LORETTA SWIT, probably best known for her television role as nurse “Hot Lips” Houlihan in MASH, and her husband, actor Dennis Holahan, have put their Bel-Air house on the market.
“They’re selling to get something smaller or more manageable,” said Joe Coons of Merrill Lynch/Rodeo Realty, who shares the $2,495,000 listing with Merrill Lynch’s Beverlywood office.
The Santa Fe-style house has three bedrooms and maids’ quarters. The 2.2-acre property has a lot of privacy, Coons said, with its 300-foot-long driveway and eucalyptus and pine trees. It also has a pool.
The recently remodeled house is about 25 years old, and Swit and Holahan have owned it for two. Coons described the Bel-Air home as “a showplace, like a gentleman’s ranch house with an early-California flair.”
The SULTAN OF BRUNEI has purchased two new houses next to his Beverly Hills Hotel, sources say. No wonder both houses were painted pink, like the hotel.
The houses are really like one home, because there are steps between them, both are Mediterranean in style and they are behind gates. The compound--with a total of eight bedrooms and 18,000 square feet on almost 2 acres--sold for more than $10 million.
A real estate agent who asked for anonymity said the sultan bought the houses, just behind the hotel, “so he can get service from the hotel without taking up hotel rooms.”
When the sultan bought the hotel, he had plans to close it in increments for remodeling, but no rooms have been closed “because the hotel is running at a high occupancy, anyway,” another source said. The sultan bought the hotel in October, 1987, for about $186 million.
James Northcutt is decorating the sultan’s compound, which was a project of Columbia Residential Development.
The race is on at Hollywood Park for WALDO FERNANDEZ, who has designed homes for Merv Griffin and other celebrities as well as the ballroom of Griffin’s Beverly Hilton, to complete new interiors for the Turf Club and Directors Wing by Wednesday, opening day of thoroughbred racing.
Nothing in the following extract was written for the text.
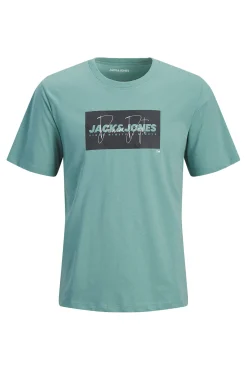 T-shirt regular fit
Marge Everett, chairman and chief executive officer of Hollywood Park, chose Fernandez to redo the rooms. The decor of the 1938 landmark hadn’t been touched since the early 1950s.
The 30,000-square-foot Turf Club is being transformed into an English hunting club setting, with dark wood paneling, red booths and brown carpet with polished brass trim. The 15,000-square-foot Directors Wing, above the Turf Club, is being redecorated in blue and white with a powder-blue patterned carpet and light blue, white and gray wall coverings.
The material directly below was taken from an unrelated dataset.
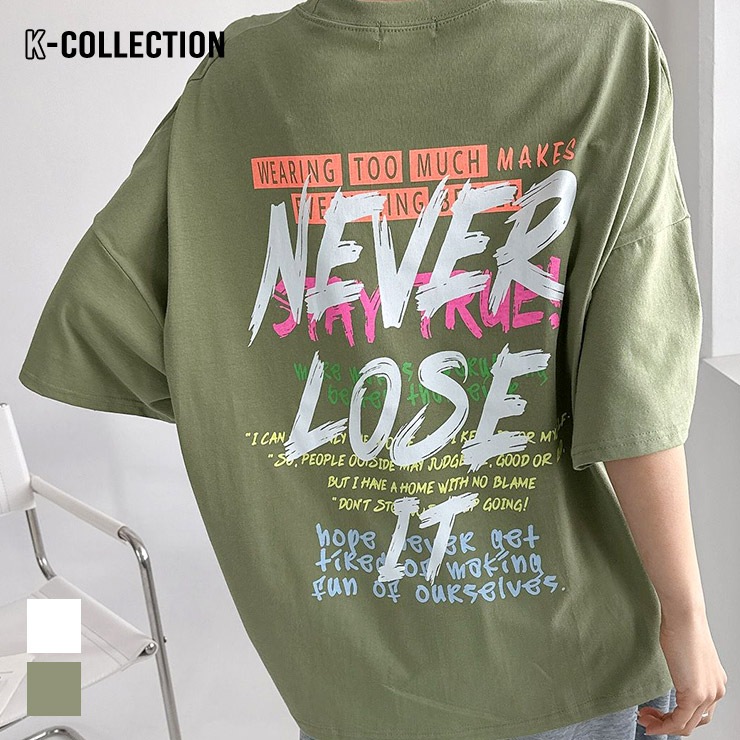 K-collection T ǥ Ⱦµ ӥå륨å С 롼  ڹեå ˥å  եåȥͥ  ݡ  襬  ۥ磻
Among the regulars at the Turf Club, are Marvin Davis, Richard Pryor, Carole and Burt Bacharach, Walter Matthau, Jackie Collins, Tim Conway, John Forsythe, Jill St. John, Jack Klugman--and Merv.
Good news for preservationists, and timely--since the California Preservation Foundation is winding up its conference today at the Biltmore Hotel:
Sale of a 60-year-old, 5-acre villa in Silver Lake to a developer who might have razed it, has fallen through, and the property, designated a city landmark last October as a means of saving it for another six months, is for sale again.
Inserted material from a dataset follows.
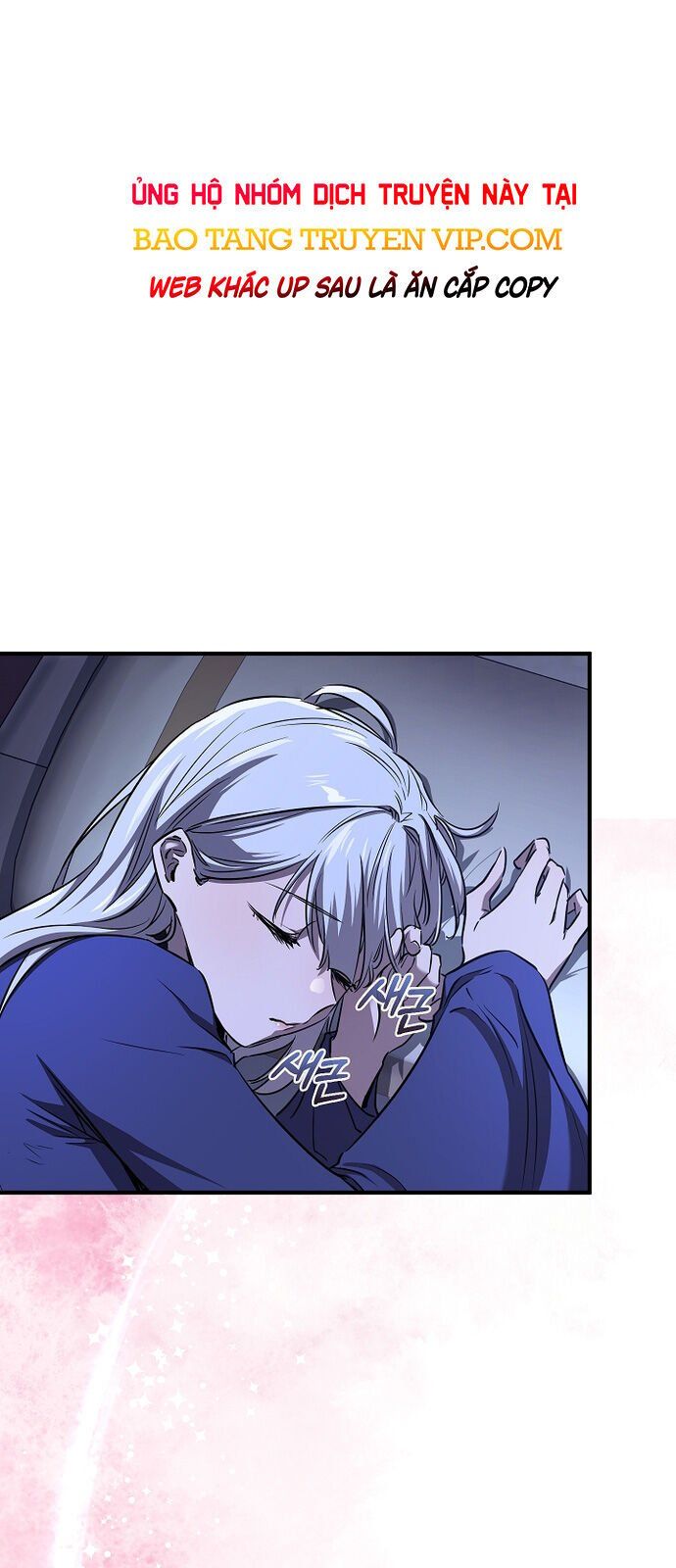 đọc truyện Thanh Mai Trúc Mã Của Đệ Nhất Thiên Hạ Chương 48 ảnh 65 tại Thiên Thai Truyện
Christie McAvoy, preservation officer for the Los Angeles Conservancy, said, “We’re real interested that it’s back on the market, and we’ll be looking to see if we can interest some people in preserving the buildings.”
The villa, at 1923 Micheltorena St., was built by silent-movie star Antonio Moreno. It is owned by the Franciscan Missionary Sisters of the Immaculate Conception, who operated a home there for wayward and homeless girls from the 1950s until the October, 1987 earthquake left cracks in the main building.
CITY COUNCILMAN MICHAEL WOO has said that the estate “probably has more potential for a sensitive, adaptive reuse than any property within a 5-mile radius of downtown.” It also has been termed ideal for an AIDS hospice.
Margaret Verguzco at Valley View Realty Inc. in San Fernando has the listing at $6.5 million but said, “There is an urgent need to sell, and the sisters are open to offers because they need to build a preschool in Sylmar for the poor living in the northeastern part of the San Fernando Valley.”